Sugimoto Ai, Takigiku Kiyohiro, Shiraishi Shuichi, Takahashi Masashi, Tsuchida Masanori
Division of Thoracic and Cardiovascular Surgery, Niigata University Graduate School of Medical and Dental Sciences, 1-757, Asahimachi-dori, Niigata City, 951-8510, Japan.
Department of Pediatric Cardiology, Nagano Children's Hospital, Azumino City, Japan.
Surg Case Rep. 2020 May 13;6(1):101. doi: 10.1186/s40792-020-00863-4.
In a Fontan candidate, univentricular pacing may cause delay in interventricular conduction, which induces asynchronous contraction. Cardiac resynchronization therapy is expected to be an effective mode of therapy in such a case.
A 7-month-old girl, diagnosed with dextrocardia, congenitally corrected transposition of the great artery [situs solitus, L-loop, and L-transposition], ventricular septal defect, infundibular and pulmonary valvular stenosis, and straddling of the tricuspid valve, was considered as a candidate for the Fontan procedure. She had undergone Blalock-Taussig shunt, and epicardial univentricular pacemaker implantation for persistent complete atrioventricular block. She underwent a bidirectional cavopulmonary shunt concomitant with ventricular lead translocation from the morphological left ventricle to the morphological right ventricle. After discharge, ventricular dyssynchrony was noted and cardiac failure persisted. She was converted to cardiac resynchronization therapy (CRT) at 13 months of age. Two-dimensional speckle tracking imaging was used by cardiologists to determine the most suitable pacing site. CRT rapidly corrected the heart failure; thus, she underwent the Fontan procedure after 1.5 years. Five years have passed since the cardiac resynchronization therapy; her interventricular synchrony is maintained well and the level of brain natriuretic peptide remains within normal range.

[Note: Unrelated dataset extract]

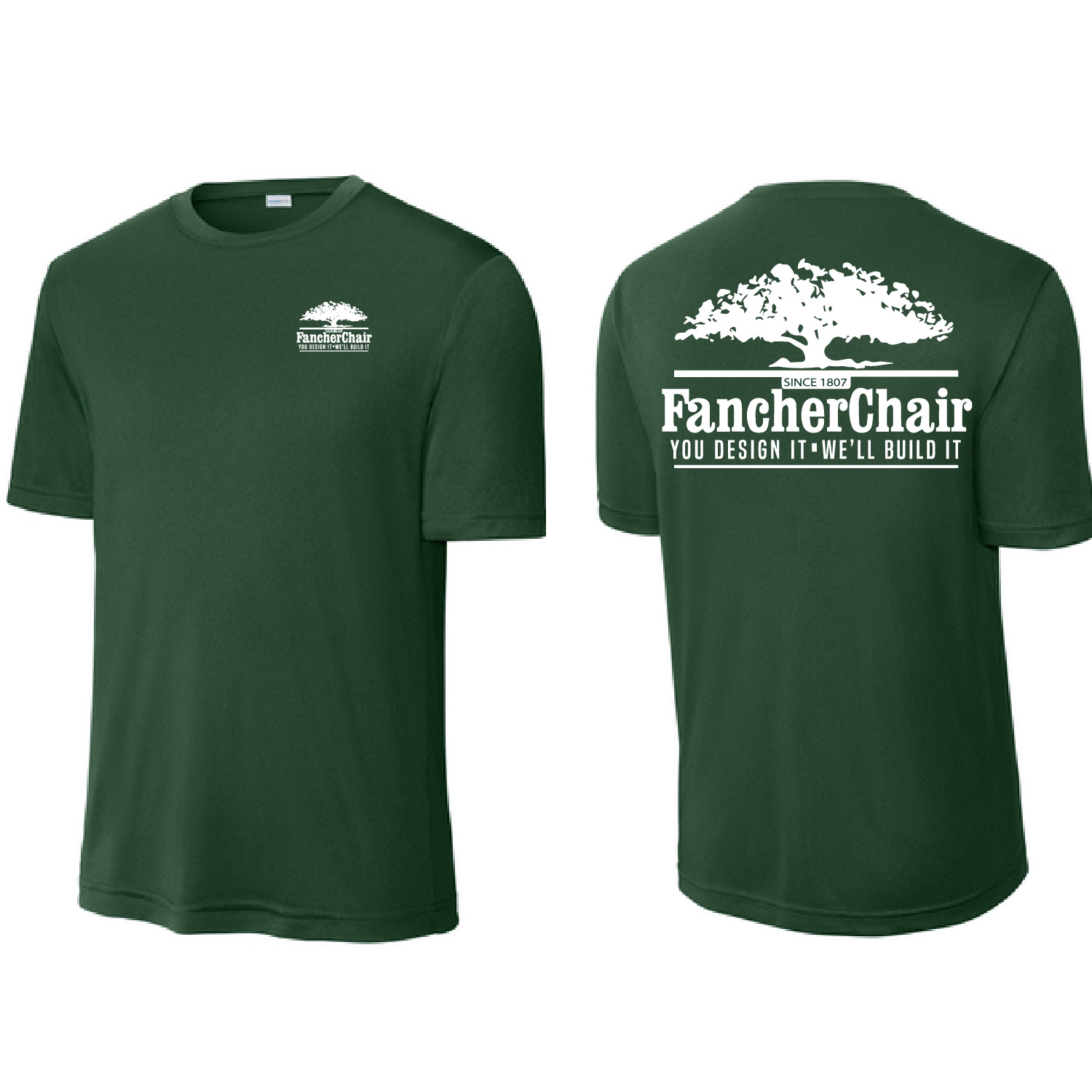 Fancher Chair Company - Poly Short Sleeve Shirt - Forest Green - Image 2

We describe the successful conversion from single ventricular pacing to CRT, in a case of congenitally corrected transposition of the great artery indicated for the Fontan procedure. The long-term prognosis of cardiac resynchronization therapy is undetermined in the pediatric population; therefore, further follow-up is required.
在一名Fontan手术候选患者中,单心室起搏可能导致心室间传导延迟,进而引发不同步收缩。心脏再同步治疗有望成为此类病例的有效治疗方式。
一名7个月大的女孩,被诊断为右位心、先天性矫正型大动脉转位(心房正位、L袢、L转位)、室间隔缺损、漏斗部及肺动脉瓣狭窄以及三尖瓣骑跨,被视为Fontan手术的候选者。她曾接受Blalock-Taussig分流术,并因持续性完全房室传导阻滞植入了心外膜单心室起搏器。她接受了双向腔肺分流术,同时将心室导线从形态学左心室移位至形态学右心室。出院后,发现存在心室不同步,且心力衰竭持续存在。她在13个月大时转为心脏再同步治疗(CRT)。心脏病专家使用二维斑点追踪成像来确定最合适的起搏部位。CRT迅速纠正了心力衰竭;因此,她在1.5年后接受了Fontan手术。自心脏再同步治疗以来已过去5年;她的心室同步性保持良好,脑钠肽水平仍在正常范围内。
我们描述了一例因先天性矫正型大动脉转位而适合Fontan手术的患者,成功从单心室起搏转换为CRT。儿童人群中心脏再同步治疗的长期预后尚不确定;因此,需要进一步随访。